Yurttaşlar, MHP Genel Başkanı Devlet Bahçeli'nin açıklamalarının ardından PKK Lideri Abdullah Öcalan'la yapılan görüşmelerle gündeme gelen Kürt sorununda çözüm tartışmalarına; devam eden kayyım atamaları, gözaltı, tutuklama ve saldırılar nedeniyle iktidarın samimiyetine kuşkuyla yaklaşıyor. Son olarak Wan Büyükşehir Belediyesi'ne kayyım atanması, Amed'de yapılan "Barış ve özgürlük" yürüyüşüne dönük polis saldırısı tepkilere neden oldu.
Amed'deki yürüyüşe katılan siyasetçi ve yurttaşlar, konuya dair konuştu.
'HALKIN İRADESİ AYAKLAR ALTINA ALINIYOR'
Halkların Eşitlik ve Demokrasi Partisi (DEM Parti) Amed İl Örgütü yöneticilerinden Mehmet Şerif Akbaş, seçimden bu yana halkın iradesinin ayaklar altına alınmak istendiğine dikkat çekti. İktidarın Kürtlerin kendi kendini yönetmesini istemediğini söyleyen Akbaş, "Kürt halkının iradesini ayaklar altına almak istiyorlar. Ama Kürt halkı direniyor. Haklarını da bırakmayacaklar. Her zaman alanlarda Kürt halkının haklarını savunacağız" dedi.
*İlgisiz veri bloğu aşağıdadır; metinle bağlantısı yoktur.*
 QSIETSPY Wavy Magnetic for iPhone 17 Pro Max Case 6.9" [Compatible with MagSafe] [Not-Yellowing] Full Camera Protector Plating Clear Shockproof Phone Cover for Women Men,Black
Kürt sorununda çözüm tartışmalarına dikkat çeken Akbaş, Abdullah Öcalan'ın büyük bir sorumluluk ile demokratik çözüm için uğraştığını, ancak AKP iktidarının pratikleriyle bu süreci boşa düşürmeye çalıştığını vurguladı. Kayyımlarla sürecin sabote edilmek istendiğinin altını çizen Akbaş, "Ama biz barış, demokrasi için mücadelemizi yürüteceğiz. Bu anti-demokratik uygulamalara karşı mücadelemizi daha da yükselteceğiz. Sayın Öcalan bu süreci barış için yürütüyor. Biz de Kürt siyasetçiler, Kürt halkı olarak bu sürece destek vereceğiz. Barışla başarıya ulaşacağız. Kürt halkı nerede olursa olsun, bu direnişe destek vermeli ve direnmeli" diye konuştu.
'NASIL İNANALIM?'
Halk olarak her zaman belediyelerinin arkasında olacaklarını dile getiren DEM Parti Gençlik Meclisi üyesi Vahap Opçin, belediyeleri kazanmak için geçmişten bu yana verdikleri mücadeleyi, bundan sonra da sahip çıkmak için vereceklerini ve her yerde direnişlerini sürdüreceklerini vurguladı. Türkiye halkları ile Kürtlerin barışa muhtaç olduğunu sözlerine ekleyen Opçin, "Bu kayyımlar hala devam ettiriliyorsa… Sözde çözüm ya da müzakere sürecine nasıl inanabilirim?" diye sordu.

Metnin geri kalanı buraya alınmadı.